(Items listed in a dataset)
====

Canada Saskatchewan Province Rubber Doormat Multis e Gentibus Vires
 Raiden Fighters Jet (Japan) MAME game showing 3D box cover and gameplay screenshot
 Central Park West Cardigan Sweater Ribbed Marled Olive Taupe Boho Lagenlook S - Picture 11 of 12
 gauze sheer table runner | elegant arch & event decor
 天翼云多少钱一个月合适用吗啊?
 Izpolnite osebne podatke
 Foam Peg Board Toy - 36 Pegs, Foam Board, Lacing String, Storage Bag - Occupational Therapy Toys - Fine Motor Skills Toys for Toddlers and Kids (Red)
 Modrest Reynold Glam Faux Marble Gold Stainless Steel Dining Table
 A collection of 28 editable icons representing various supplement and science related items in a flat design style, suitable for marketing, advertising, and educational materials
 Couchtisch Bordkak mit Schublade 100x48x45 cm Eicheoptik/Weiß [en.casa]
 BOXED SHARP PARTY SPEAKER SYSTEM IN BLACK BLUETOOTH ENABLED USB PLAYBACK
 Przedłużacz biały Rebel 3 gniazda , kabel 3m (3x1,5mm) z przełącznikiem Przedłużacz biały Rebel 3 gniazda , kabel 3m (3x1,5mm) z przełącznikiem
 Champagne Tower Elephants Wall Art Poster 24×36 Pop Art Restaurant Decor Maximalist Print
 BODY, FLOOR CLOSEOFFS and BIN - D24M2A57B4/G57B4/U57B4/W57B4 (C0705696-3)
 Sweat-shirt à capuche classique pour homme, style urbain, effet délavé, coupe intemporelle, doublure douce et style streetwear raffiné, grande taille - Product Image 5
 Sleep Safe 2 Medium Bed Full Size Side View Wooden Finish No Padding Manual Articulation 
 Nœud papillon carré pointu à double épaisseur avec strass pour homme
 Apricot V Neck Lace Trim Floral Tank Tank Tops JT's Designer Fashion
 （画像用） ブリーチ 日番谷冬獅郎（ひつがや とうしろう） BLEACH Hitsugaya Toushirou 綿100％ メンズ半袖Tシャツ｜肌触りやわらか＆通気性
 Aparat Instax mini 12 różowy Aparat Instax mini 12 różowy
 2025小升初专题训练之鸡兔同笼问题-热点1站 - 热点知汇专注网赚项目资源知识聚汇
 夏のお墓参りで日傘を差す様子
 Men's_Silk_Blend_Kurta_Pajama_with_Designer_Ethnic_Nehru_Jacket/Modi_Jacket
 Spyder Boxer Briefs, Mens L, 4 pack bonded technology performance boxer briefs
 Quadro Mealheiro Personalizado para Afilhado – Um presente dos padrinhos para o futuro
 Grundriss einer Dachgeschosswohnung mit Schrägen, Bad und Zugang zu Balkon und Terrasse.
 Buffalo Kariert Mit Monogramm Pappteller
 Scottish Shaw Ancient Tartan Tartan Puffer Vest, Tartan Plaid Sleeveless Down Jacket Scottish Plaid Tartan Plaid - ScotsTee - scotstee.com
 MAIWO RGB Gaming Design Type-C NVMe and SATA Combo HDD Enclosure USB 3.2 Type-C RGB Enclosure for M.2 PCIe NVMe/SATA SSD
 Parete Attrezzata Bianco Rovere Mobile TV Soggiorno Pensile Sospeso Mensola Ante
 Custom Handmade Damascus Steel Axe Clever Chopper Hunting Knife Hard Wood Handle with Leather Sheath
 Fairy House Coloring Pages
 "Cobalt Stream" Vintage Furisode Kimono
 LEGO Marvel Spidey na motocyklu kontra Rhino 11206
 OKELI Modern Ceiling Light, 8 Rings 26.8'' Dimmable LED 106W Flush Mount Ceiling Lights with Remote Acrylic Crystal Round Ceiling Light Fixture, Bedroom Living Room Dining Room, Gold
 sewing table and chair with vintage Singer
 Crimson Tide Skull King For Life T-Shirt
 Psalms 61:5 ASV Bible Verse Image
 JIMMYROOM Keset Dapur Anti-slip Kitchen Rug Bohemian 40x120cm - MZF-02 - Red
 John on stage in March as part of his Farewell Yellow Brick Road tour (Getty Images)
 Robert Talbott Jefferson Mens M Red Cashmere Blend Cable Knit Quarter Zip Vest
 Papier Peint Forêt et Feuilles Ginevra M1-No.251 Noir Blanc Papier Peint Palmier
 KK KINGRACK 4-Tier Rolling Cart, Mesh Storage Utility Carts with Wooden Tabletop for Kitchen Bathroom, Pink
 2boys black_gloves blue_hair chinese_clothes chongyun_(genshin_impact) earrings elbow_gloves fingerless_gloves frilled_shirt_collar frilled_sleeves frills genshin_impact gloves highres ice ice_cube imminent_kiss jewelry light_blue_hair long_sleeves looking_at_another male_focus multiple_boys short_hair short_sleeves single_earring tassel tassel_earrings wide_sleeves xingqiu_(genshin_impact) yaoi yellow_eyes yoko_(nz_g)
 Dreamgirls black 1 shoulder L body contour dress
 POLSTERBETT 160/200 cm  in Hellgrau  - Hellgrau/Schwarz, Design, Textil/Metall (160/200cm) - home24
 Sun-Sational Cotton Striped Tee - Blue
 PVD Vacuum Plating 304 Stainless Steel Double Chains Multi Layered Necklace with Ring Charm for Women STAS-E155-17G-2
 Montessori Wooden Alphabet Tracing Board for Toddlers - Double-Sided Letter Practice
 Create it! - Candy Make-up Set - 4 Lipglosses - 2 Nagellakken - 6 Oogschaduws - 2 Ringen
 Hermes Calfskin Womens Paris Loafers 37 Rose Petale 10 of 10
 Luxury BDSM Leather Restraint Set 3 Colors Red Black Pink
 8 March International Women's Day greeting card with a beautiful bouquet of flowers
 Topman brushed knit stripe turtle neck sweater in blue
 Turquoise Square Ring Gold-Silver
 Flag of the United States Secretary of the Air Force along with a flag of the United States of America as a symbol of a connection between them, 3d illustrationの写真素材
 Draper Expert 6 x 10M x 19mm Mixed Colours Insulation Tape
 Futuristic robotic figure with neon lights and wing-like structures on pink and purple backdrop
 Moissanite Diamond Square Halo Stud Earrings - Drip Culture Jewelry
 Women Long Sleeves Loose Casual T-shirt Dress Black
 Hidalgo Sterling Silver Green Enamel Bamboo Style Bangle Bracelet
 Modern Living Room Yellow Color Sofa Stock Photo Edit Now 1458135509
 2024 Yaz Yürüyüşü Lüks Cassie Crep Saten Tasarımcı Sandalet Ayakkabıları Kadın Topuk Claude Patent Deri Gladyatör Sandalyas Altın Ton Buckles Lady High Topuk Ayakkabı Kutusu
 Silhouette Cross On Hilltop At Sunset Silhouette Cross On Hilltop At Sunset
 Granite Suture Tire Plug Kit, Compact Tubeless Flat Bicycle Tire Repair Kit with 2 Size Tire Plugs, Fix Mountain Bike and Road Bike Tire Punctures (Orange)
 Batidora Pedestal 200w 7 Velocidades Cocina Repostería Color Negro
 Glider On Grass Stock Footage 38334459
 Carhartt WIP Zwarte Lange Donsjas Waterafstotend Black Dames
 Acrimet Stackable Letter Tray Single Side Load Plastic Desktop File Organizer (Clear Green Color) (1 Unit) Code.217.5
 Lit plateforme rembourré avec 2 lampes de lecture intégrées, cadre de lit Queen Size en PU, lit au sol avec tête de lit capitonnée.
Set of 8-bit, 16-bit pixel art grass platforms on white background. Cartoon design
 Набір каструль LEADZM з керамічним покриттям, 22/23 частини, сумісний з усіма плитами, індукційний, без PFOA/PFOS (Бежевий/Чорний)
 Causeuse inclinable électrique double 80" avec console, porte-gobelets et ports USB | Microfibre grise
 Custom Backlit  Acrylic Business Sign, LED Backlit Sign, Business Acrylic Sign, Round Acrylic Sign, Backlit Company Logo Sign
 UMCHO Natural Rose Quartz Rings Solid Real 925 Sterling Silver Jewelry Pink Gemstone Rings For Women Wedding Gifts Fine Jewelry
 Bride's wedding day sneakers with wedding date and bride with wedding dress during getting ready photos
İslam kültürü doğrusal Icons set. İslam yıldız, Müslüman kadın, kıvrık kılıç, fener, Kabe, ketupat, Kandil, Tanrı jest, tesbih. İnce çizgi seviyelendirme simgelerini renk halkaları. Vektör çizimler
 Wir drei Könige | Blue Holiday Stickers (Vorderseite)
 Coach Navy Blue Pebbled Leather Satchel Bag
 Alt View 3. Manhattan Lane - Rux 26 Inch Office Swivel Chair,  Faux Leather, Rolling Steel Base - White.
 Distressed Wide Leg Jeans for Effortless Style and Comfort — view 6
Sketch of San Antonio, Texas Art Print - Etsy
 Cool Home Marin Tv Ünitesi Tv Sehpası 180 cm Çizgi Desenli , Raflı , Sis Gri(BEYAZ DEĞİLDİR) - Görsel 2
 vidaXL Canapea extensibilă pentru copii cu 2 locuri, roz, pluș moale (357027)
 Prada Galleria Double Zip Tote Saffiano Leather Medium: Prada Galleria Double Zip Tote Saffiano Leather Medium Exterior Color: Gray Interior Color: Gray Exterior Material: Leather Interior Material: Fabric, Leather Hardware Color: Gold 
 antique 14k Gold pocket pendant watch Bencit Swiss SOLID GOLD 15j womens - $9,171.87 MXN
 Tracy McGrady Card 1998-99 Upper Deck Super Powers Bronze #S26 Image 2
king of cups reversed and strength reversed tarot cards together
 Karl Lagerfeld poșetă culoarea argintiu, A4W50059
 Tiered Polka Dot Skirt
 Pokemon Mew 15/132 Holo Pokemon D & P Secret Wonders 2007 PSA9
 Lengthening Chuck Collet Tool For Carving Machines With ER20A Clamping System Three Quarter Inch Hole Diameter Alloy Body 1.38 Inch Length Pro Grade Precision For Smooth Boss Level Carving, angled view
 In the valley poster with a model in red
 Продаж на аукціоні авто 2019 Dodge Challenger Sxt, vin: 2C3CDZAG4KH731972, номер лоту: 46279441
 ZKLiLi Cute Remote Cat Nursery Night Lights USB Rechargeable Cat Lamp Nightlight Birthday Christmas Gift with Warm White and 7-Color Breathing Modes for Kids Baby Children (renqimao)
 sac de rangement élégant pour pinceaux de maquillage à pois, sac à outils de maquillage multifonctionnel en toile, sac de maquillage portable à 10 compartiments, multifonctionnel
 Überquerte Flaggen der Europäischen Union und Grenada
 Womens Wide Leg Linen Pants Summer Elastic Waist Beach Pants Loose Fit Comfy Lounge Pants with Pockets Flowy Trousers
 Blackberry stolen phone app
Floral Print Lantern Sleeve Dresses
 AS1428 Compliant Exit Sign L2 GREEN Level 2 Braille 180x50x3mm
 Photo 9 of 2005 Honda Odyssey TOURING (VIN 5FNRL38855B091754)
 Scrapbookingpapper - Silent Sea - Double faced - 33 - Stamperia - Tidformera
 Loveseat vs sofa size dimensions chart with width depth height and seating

====

ACTIVITY | From the data above, output only the lines between the line containing "Foam Peg Board" and the line containing "Fairy House Coloring Pages", inclusive, exactly as written.

ANSWER SECTION |
 Foam Peg Board Toy - 36 Pegs, Foam Board, Lacing String, Storage Bag - Occupational Therapy Toys - Fine Motor Skills Toys for Toddlers and Kids (Red)
 Modrest Reynold Glam Faux Marble Gold Stainless Steel Dining Table
 A collection of 28 editable icons representing various supplement and science related items in a flat design style, suitable for marketing, advertising, and educational materials
 Couchtisch Bordkak mit Schublade 100x48x45 cm Eicheoptik/Weiß [en.casa]
 BOXED SHARP PARTY SPEAKER SYSTEM IN BLACK BLUETOOTH ENABLED USB PLAYBACK
 Przedłużacz biały Rebel 3 gniazda , kabel 3m (3x1,5mm) z przełącznikiem Przedłużacz biały Rebel 3 gniazda , kabel 3m (3x1,5mm) z przełącznikiem
 Champagne Tower Elephants Wall Art Poster 24×36 Pop Art Restaurant Decor Maximalist Print
 BODY, FLOOR CLOSEOFFS and BIN - D24M2A57B4/G57B4/U57B4/W57B4 (C0705696-3)
 Sweat-shirt à capuche classique pour homme, style urbain, effet délavé, coupe intemporelle, doublure douce et style streetwear raffiné, grande taille - Product Image 5
 Sleep Safe 2 Medium Bed Full Size Side View Wooden Finish No Padding Manual Articulation 
 Nœud papillon carré pointu à double épaisseur avec strass pour homme
 Apricot V Neck Lace Trim Floral Tank Tank Tops JT's Designer Fashion
 （画像用） ブリーチ 日番谷冬獅郎（ひつがや とうしろう） BLEACH Hitsugaya Toushirou 綿100％ メンズ半袖Tシャツ｜肌触りやわらか＆通気性
 Aparat Instax mini 12 różowy Aparat Instax mini 12 różowy
 2025小升初专题训练之鸡兔同笼问题-热点1站 - 热点知汇专注网赚项目资源知识聚汇
 夏のお墓参りで日傘を差す様子
 Men's_Silk_Blend_Kurta_Pajama_with_Designer_Ethnic_Nehru_Jacket/Modi_Jacket
 Spyder Boxer Briefs, Mens L, 4 pack bonded technology performance boxer briefs
 Quadro Mealheiro Personalizado para Afilhado – Um presente dos padrinhos para o futuro
 Grundriss einer Dachgeschosswohnung mit Schrägen, Bad und Zugang zu Balkon und Terrasse.
 Buffalo Kariert Mit Monogramm Pappteller
 Scottish Shaw Ancient Tartan Tartan Puffer Vest, Tartan Plaid Sleeveless Down Jacket Scottish Plaid Tartan Plaid - ScotsTee - scotstee.com
 MAIWO RGB Gaming Design Type-C NVMe and SATA Combo HDD Enclosure USB 3.2 Type-C RGB Enclosure for M.2 PCIe NVMe/SATA SSD
 Parete Attrezzata Bianco Rovere Mobile TV Soggiorno Pensile Sospeso Mensola Ante
 Custom Handmade Damascus Steel Axe Clever Chopper Hunting Knife Hard Wood Handle with Leather Sheath
 Fairy House Coloring Pages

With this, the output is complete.